● DATA EXTRACT

>>>

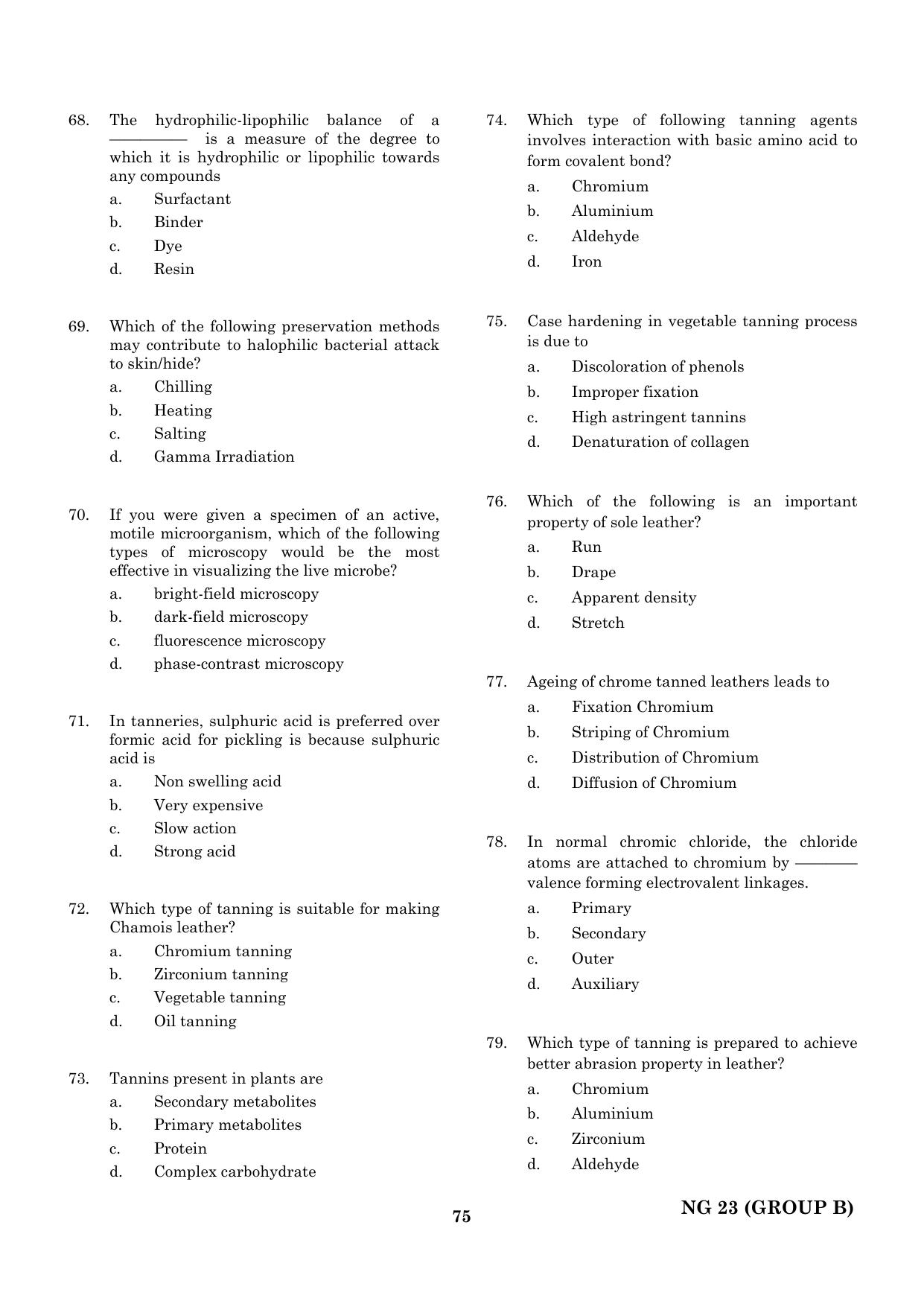 CEETA PG 2023 M.E / M.TECH/ M.ARCH / M.PLAN (GROUP B) Question Paper - Page 76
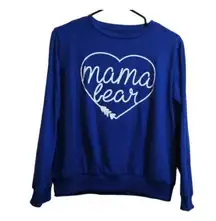 Mama Bear Sweater Size Small Cobalt Blue EUC #4094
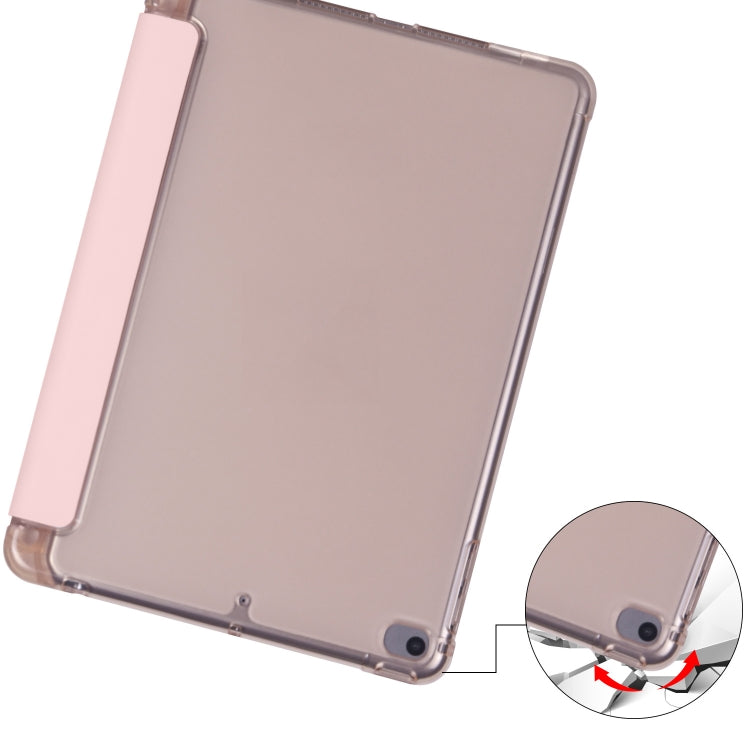 For iPad Mini 5 / Mini 4 3-folding Horizontal Flip PU Leather + Shockproof TPU Case with Holder & Pen Slot(Pink) - iPad mini (2019) / mini 5 Cases by PMC TechLife | Online Shopping South Africa | PMC TechLife | Buy Now Pay Later Mobicred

<<<

● EXERCISE GOAL
Reproduce the data verbatim. Do not carry any picture into the copy.

● REPLY TO THE TASK
 CEETA PG 2023 M.E / M.TECH/ M.ARCH / M.PLAN (GROUP B) Question Paper - Page 76
 Mama Bear Sweater Size Small Cobalt Blue EUC #4094
 For iPad Mini 5 / Mini 4 3-folding Horizontal Flip PU Leather + Shockproof TPU Case with Holder & Pen Slot(Pink) - iPad mini (2019) / mini 5 Cases by PMC TechLife | Online Shopping South Africa | PMC TechLife | Buy Now Pay Later Mobicred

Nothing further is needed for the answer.